Together with the PCBs came in a new revision of the C64/SX64 RAM Cartridge with onboard SD2IEC. It has a completely new layout and was tailor made to a C64 Cartridge shell I got from Ebay. Now I had more PCB estate at my disposal so the layout is much cleaner and thus better looking. The extra space gave room for some vintage looking parts, like the 5mm LEDs and bright red DIP-switch. Another change in the design is a pushpush microsd card connector and software control of the RAM.

SD2IEC part

Most of the top of the PCB is occupied by the SD2IEC part. SD2IEC is a project that takes an Atmel microcontroller and turns it into a (protocol) clone of a vintage commodore diskdrive. It will not completely emulate a real drive so not all the fastloaders will work, but great for everyday use.
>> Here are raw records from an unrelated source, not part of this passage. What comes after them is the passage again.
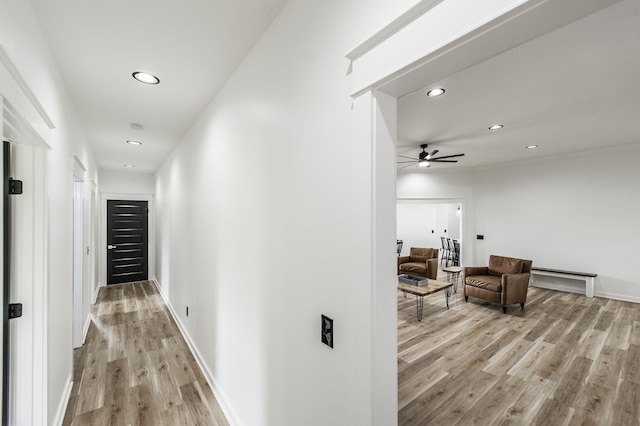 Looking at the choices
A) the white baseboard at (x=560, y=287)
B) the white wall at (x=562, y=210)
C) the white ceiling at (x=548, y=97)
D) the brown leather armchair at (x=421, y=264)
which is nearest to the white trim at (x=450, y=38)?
the white ceiling at (x=548, y=97)

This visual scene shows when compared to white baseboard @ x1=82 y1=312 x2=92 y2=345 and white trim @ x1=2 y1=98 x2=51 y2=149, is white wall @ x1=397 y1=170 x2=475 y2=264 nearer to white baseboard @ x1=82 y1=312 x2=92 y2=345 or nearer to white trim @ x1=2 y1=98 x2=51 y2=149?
white baseboard @ x1=82 y1=312 x2=92 y2=345

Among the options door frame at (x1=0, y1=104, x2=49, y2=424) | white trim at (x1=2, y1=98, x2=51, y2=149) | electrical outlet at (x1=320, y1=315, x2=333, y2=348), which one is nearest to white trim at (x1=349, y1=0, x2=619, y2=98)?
electrical outlet at (x1=320, y1=315, x2=333, y2=348)

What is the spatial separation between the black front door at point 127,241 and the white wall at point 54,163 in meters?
4.07

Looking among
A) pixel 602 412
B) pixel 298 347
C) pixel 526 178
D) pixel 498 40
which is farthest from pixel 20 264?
pixel 526 178

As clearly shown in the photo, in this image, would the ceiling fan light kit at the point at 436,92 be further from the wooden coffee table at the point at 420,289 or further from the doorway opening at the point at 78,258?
the doorway opening at the point at 78,258

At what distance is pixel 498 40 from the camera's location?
696 mm

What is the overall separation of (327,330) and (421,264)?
5.98 meters

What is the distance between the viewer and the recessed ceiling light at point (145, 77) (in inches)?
86.8

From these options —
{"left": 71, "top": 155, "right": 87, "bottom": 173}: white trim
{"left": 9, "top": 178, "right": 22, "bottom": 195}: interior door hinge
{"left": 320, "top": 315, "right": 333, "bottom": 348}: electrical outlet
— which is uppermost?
{"left": 71, "top": 155, "right": 87, "bottom": 173}: white trim

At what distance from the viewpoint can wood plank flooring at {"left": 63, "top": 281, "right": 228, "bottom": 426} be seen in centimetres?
218

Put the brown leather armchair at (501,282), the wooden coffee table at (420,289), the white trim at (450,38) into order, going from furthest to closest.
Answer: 1. the brown leather armchair at (501,282)
2. the wooden coffee table at (420,289)
3. the white trim at (450,38)

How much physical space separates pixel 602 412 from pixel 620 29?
2864mm

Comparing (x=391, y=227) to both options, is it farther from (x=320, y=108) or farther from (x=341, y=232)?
(x=320, y=108)

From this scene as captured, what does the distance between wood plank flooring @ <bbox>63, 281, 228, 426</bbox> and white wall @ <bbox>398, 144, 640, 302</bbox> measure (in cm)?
624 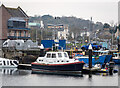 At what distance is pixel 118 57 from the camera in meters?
80.2

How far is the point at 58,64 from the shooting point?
188 ft

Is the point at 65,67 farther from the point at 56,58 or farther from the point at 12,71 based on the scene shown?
the point at 12,71

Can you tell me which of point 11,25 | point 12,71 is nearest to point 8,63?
point 12,71

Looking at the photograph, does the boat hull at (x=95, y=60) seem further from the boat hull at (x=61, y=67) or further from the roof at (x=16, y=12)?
the roof at (x=16, y=12)

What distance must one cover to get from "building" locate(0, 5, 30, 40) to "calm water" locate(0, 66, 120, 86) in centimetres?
4054

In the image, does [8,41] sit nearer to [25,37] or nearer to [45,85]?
[25,37]

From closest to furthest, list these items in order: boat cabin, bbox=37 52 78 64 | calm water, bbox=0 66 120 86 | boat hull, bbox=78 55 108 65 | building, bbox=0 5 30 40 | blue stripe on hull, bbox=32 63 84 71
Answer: calm water, bbox=0 66 120 86 → blue stripe on hull, bbox=32 63 84 71 → boat cabin, bbox=37 52 78 64 → boat hull, bbox=78 55 108 65 → building, bbox=0 5 30 40

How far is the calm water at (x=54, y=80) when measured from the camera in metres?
46.8

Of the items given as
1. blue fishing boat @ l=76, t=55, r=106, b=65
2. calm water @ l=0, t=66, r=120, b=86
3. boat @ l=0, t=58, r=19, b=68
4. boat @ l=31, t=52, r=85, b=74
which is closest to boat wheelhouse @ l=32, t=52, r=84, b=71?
boat @ l=31, t=52, r=85, b=74

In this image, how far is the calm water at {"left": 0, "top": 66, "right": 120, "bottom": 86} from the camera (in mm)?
46781

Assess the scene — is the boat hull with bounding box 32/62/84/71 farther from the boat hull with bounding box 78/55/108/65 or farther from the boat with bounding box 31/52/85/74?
the boat hull with bounding box 78/55/108/65

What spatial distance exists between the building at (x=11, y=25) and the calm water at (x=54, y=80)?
40536mm

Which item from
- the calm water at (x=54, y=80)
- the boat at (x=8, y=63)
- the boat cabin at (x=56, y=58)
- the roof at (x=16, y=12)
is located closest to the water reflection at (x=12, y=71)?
the boat at (x=8, y=63)

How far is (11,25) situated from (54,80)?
165 feet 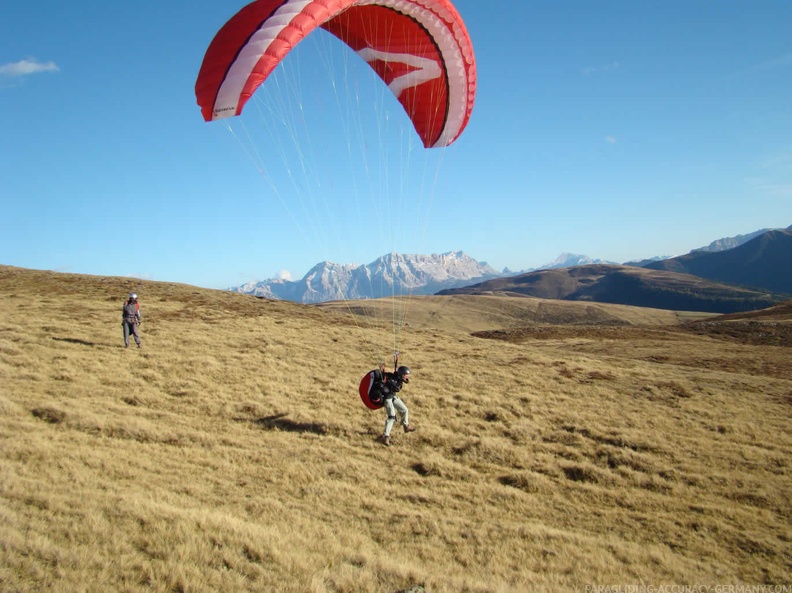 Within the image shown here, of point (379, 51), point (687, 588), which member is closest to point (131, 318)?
point (379, 51)

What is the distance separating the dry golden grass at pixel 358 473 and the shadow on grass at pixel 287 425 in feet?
0.28

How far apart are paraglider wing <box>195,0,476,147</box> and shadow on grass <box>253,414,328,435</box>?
823 cm

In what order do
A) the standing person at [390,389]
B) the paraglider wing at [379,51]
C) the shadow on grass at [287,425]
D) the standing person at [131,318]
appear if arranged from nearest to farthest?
the paraglider wing at [379,51] → the standing person at [390,389] → the shadow on grass at [287,425] → the standing person at [131,318]

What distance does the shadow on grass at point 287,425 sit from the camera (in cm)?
1249

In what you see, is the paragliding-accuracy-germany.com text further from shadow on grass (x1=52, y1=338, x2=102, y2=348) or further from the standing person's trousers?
shadow on grass (x1=52, y1=338, x2=102, y2=348)

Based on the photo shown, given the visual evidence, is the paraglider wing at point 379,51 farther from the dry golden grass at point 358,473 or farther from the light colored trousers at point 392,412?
the light colored trousers at point 392,412

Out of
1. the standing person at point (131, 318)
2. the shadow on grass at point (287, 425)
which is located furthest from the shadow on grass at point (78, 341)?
the shadow on grass at point (287, 425)

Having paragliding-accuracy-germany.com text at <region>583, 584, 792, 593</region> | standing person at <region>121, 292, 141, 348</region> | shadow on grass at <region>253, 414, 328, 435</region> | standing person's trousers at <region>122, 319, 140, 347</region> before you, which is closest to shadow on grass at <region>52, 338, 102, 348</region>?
standing person's trousers at <region>122, 319, 140, 347</region>

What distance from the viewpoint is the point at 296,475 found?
960cm

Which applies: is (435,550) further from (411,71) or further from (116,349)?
(116,349)

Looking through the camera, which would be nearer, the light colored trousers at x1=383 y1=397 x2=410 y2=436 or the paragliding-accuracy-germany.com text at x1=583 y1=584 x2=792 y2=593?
the paragliding-accuracy-germany.com text at x1=583 y1=584 x2=792 y2=593

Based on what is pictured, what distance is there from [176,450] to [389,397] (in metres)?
5.21

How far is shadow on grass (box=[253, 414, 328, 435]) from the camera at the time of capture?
1249cm

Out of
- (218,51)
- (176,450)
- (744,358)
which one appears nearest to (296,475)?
(176,450) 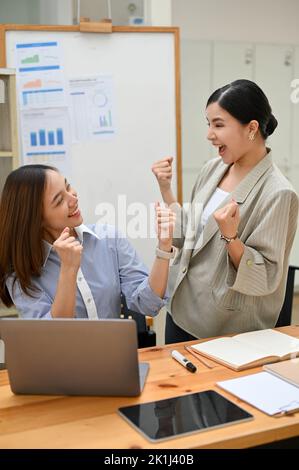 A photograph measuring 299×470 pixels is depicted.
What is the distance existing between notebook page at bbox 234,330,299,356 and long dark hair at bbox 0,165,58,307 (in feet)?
2.17

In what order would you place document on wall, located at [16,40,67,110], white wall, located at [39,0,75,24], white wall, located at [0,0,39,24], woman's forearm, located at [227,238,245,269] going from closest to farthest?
1. woman's forearm, located at [227,238,245,269]
2. document on wall, located at [16,40,67,110]
3. white wall, located at [39,0,75,24]
4. white wall, located at [0,0,39,24]

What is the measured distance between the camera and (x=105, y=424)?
108 cm

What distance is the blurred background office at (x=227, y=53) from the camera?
3.89 m

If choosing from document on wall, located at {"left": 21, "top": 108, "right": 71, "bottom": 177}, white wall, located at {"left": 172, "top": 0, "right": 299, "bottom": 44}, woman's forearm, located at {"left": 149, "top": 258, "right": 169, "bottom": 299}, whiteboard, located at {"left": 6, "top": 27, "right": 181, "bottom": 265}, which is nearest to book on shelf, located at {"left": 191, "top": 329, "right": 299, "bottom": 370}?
woman's forearm, located at {"left": 149, "top": 258, "right": 169, "bottom": 299}

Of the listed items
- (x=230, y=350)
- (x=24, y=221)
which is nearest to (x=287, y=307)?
(x=230, y=350)

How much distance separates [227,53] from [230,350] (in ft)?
10.1

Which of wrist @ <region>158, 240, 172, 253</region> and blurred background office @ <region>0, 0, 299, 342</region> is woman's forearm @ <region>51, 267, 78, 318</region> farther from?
blurred background office @ <region>0, 0, 299, 342</region>

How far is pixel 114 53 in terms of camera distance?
2664 mm

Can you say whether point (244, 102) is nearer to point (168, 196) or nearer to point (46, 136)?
point (168, 196)

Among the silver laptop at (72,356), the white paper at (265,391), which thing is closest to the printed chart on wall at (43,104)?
the silver laptop at (72,356)

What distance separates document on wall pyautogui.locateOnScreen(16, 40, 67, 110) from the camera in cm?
257

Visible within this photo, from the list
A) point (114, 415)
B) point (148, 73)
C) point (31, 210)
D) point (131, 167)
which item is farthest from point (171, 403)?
point (148, 73)

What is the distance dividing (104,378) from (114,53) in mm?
1931

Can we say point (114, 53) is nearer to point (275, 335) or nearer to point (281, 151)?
point (275, 335) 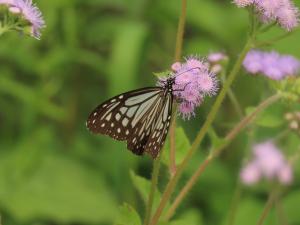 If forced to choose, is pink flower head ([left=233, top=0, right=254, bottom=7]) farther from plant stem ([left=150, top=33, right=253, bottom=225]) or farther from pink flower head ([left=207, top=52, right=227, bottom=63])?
pink flower head ([left=207, top=52, right=227, bottom=63])

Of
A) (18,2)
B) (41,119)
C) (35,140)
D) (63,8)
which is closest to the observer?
(18,2)

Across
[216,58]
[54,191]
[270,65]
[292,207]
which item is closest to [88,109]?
[54,191]

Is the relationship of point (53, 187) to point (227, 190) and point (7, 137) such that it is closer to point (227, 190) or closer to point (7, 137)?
point (7, 137)

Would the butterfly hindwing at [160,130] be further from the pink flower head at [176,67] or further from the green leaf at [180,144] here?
the green leaf at [180,144]

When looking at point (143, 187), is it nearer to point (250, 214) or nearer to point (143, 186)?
point (143, 186)

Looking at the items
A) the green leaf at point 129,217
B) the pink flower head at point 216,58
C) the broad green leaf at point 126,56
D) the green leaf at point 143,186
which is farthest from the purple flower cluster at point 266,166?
the broad green leaf at point 126,56

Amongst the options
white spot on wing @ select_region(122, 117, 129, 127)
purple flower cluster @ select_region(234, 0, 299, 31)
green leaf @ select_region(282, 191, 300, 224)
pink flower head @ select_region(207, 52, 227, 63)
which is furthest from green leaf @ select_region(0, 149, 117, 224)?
purple flower cluster @ select_region(234, 0, 299, 31)

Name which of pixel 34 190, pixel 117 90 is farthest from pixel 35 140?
pixel 117 90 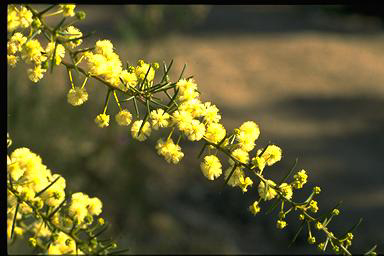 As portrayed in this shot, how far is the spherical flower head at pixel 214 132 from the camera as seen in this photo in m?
1.22

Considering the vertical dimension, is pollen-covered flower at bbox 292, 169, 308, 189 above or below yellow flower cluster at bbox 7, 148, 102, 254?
above

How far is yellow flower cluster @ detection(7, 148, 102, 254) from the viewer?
1234 mm

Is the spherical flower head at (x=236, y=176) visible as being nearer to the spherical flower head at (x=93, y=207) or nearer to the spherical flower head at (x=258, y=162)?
the spherical flower head at (x=258, y=162)

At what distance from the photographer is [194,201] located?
5.02 meters

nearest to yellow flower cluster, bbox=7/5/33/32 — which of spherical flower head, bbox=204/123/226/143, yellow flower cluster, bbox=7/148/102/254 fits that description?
yellow flower cluster, bbox=7/148/102/254

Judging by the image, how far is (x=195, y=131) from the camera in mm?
1192

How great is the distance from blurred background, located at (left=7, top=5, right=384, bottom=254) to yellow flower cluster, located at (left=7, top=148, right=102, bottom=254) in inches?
74.3

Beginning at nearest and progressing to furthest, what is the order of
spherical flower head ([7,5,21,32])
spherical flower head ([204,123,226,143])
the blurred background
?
spherical flower head ([7,5,21,32])
spherical flower head ([204,123,226,143])
the blurred background

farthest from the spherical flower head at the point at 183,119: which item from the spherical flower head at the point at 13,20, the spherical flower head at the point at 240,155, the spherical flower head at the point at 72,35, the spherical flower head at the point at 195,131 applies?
the spherical flower head at the point at 13,20

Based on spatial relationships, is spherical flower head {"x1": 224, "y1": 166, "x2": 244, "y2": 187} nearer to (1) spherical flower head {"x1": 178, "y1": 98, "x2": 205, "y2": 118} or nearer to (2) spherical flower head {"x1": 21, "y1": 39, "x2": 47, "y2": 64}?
(1) spherical flower head {"x1": 178, "y1": 98, "x2": 205, "y2": 118}

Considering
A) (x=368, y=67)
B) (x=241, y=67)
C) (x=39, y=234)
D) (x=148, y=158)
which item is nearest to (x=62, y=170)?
(x=148, y=158)

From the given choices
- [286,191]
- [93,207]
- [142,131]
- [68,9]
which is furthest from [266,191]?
[68,9]

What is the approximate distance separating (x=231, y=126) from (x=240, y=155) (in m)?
4.99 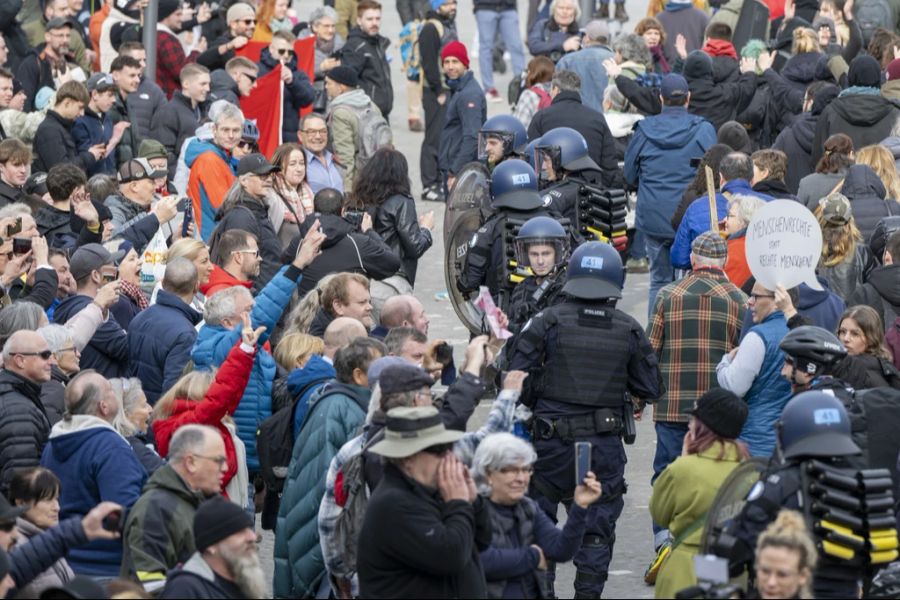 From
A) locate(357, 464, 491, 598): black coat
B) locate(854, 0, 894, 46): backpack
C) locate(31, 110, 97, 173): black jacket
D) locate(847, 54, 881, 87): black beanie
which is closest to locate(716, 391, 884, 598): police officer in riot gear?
locate(357, 464, 491, 598): black coat

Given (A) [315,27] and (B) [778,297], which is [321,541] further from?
(A) [315,27]

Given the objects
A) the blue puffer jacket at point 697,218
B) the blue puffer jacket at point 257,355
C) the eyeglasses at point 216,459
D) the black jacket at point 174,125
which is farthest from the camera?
the black jacket at point 174,125

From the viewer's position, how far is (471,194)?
13875mm

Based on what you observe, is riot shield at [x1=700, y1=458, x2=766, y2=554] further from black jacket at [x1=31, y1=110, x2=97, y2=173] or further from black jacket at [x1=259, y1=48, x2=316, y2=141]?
black jacket at [x1=259, y1=48, x2=316, y2=141]

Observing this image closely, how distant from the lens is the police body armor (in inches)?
381

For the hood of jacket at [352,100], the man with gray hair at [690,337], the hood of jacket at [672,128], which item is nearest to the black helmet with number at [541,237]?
the man with gray hair at [690,337]

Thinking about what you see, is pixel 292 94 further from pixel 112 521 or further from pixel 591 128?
pixel 112 521

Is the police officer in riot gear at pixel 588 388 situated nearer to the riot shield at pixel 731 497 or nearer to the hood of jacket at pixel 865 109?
the riot shield at pixel 731 497

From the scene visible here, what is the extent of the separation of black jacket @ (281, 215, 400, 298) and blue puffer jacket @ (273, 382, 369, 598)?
10.6ft

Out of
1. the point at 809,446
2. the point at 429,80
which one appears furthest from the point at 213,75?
the point at 809,446

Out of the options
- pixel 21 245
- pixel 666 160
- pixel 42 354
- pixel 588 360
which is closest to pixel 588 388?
pixel 588 360

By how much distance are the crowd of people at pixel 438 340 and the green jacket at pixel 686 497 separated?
0.01 meters

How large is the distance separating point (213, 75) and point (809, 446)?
36.6ft

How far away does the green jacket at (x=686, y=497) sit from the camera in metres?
8.32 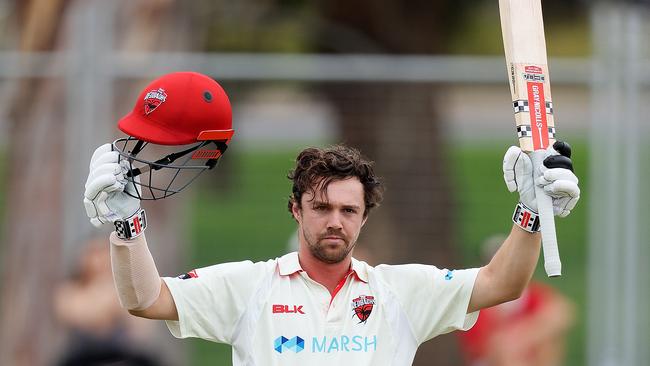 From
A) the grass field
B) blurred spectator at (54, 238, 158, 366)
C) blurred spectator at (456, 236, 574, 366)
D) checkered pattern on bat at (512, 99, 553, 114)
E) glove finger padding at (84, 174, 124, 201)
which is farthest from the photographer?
the grass field

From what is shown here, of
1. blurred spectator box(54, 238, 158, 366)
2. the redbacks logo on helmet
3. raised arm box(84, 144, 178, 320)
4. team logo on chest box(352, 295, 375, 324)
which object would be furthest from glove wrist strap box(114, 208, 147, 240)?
blurred spectator box(54, 238, 158, 366)

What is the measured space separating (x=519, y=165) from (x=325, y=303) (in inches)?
29.8

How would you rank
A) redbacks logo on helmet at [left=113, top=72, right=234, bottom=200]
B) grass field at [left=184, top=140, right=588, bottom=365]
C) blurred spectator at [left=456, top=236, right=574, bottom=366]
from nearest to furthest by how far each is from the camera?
redbacks logo on helmet at [left=113, top=72, right=234, bottom=200] → blurred spectator at [left=456, top=236, right=574, bottom=366] → grass field at [left=184, top=140, right=588, bottom=365]

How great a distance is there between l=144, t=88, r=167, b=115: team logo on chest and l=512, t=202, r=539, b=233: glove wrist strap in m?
1.18

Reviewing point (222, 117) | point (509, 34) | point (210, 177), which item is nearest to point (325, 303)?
point (222, 117)

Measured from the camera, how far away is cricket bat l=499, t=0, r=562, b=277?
440cm

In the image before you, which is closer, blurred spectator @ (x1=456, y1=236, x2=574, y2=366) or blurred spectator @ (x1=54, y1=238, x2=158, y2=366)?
blurred spectator @ (x1=54, y1=238, x2=158, y2=366)

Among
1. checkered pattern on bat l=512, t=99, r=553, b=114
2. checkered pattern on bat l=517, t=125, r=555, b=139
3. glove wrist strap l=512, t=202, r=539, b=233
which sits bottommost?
glove wrist strap l=512, t=202, r=539, b=233

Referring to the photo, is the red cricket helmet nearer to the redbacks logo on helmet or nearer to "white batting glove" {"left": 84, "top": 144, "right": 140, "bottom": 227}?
the redbacks logo on helmet

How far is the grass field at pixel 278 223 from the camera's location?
9.30 meters

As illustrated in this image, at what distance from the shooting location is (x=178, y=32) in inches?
367

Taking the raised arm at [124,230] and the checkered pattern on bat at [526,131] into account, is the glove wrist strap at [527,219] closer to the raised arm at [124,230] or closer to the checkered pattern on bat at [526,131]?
the checkered pattern on bat at [526,131]

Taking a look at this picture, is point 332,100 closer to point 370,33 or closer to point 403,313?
point 370,33

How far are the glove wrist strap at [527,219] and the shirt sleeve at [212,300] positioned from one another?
84cm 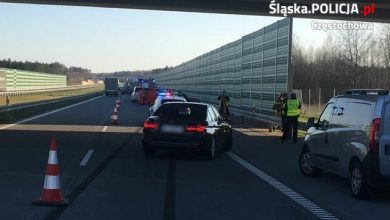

Now you can carry your C64 collection with you on a little microSD card. It has also 2 LEDs that simulate both LEDS on the drive (activity and error) and a DIP switch that let you select between ID 8 to 11. On the top there is a (solder) connection for the IEC cable. This time I didn’t forgot to include a ICSP connection. Just as the last time I followed this tutorial to burn the bootloader to the chip (even got myself a proper Atmel programmer this time), but it did nothing.. After some googling it happens the fuses I had the fuses wrong and the full commandline to program an ATMEGA644P with the bootloader should is:

avrdude -p m644p -U flash:w:sd2iec_bootloader.hex:i -U hfuse:w:0xDA:m -U efuse:w:0xFD:m -U lfuse:w:0xE7:m

After installing the bootloader the firmware can be flashed from SD card (just copy the appropriate .bin file to the root). The right firmware version for this cart is lars-64k and the bootloader can determine if a new version is placed on the SD card.

RAM cartridge part

This part of the board enables you to quickly develop (standard) cartridges or swap between multiple without removing/inserting/erasing/writing chips. It is based on an old article in Transactor. It replaces the ROM chip with a SRAM and by flipping switches it can switch between RAM and ROM mode. Inspired by the circuit of Magicdesk 1 I tried to replace the switches with logic. It turns out it didn’t work 🙁 Can’t tell why it is failing as I think in theory it should work.


The 747174 (left) / 7402 (right) combination is copied from the Magicdesk 1 circuit. Writing to the IO1 memory area should clock the D-flipflops. D5 controls the !EXROM signal and D6 the ability to write the RAM (!WE to the SRAM chip).

Things to change in the next (last?) revision

It looks I didn’t run the Design Rule Check before sending it in so I violated it a bit and had some clearance errors. I checked it with the multimeter and it didn’t short anywhere. Next revision should I should fix it an pass the DRC. Another nuisance is the ID dipswitch is mirrored.  Don’t know what to do with the circuitry around the SRAM, so I’m open for suggestions there.. Probably will revert to an EPROM and the stealth circuit used in the EPYX fastloader cartridge.